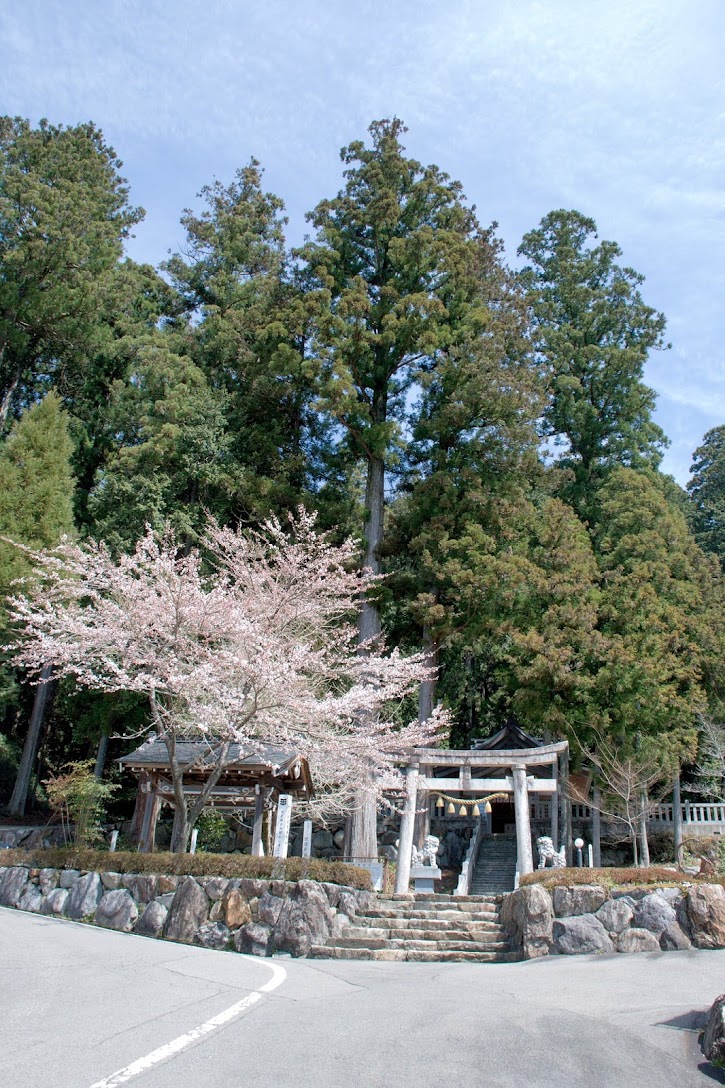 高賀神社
------------------------------
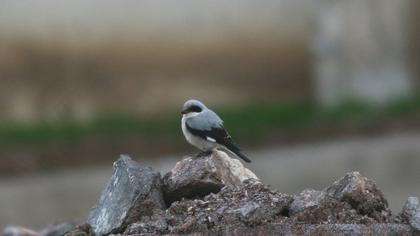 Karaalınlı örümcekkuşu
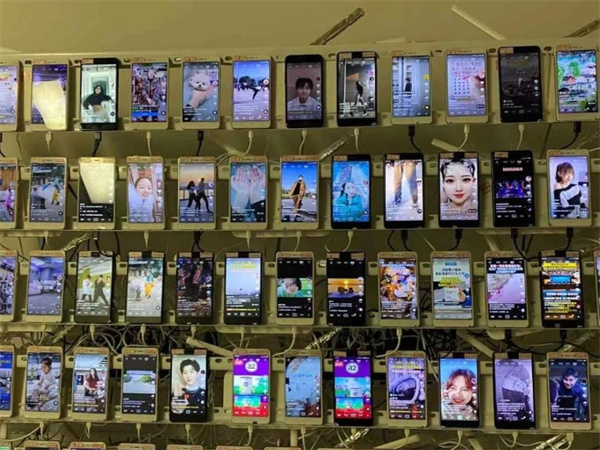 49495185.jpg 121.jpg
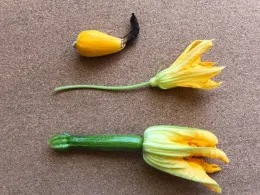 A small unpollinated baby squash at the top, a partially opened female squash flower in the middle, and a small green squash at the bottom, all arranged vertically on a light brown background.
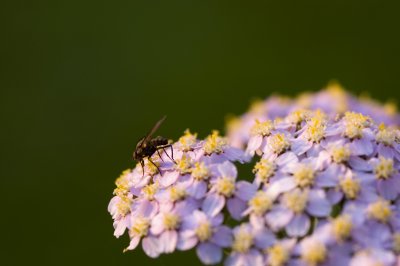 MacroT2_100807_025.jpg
------------------------------
• PROBLEM TO WORK ON: Exact copy, pictures excluded: every line above from the one containing "49495185.jpg 121.jpg" to the one containing "MacroT2_100807_025.jpg", inclusive, and nothing more.

• EXERCISE ANSWER:
 49495185.jpg 121.jpg
 A small unpollinated baby squash at the top, a partially opened female squash flower in the middle, and a small green squash at the bottom, all arranged vertically on a light brown background.
 MacroT2_100807_025.jpg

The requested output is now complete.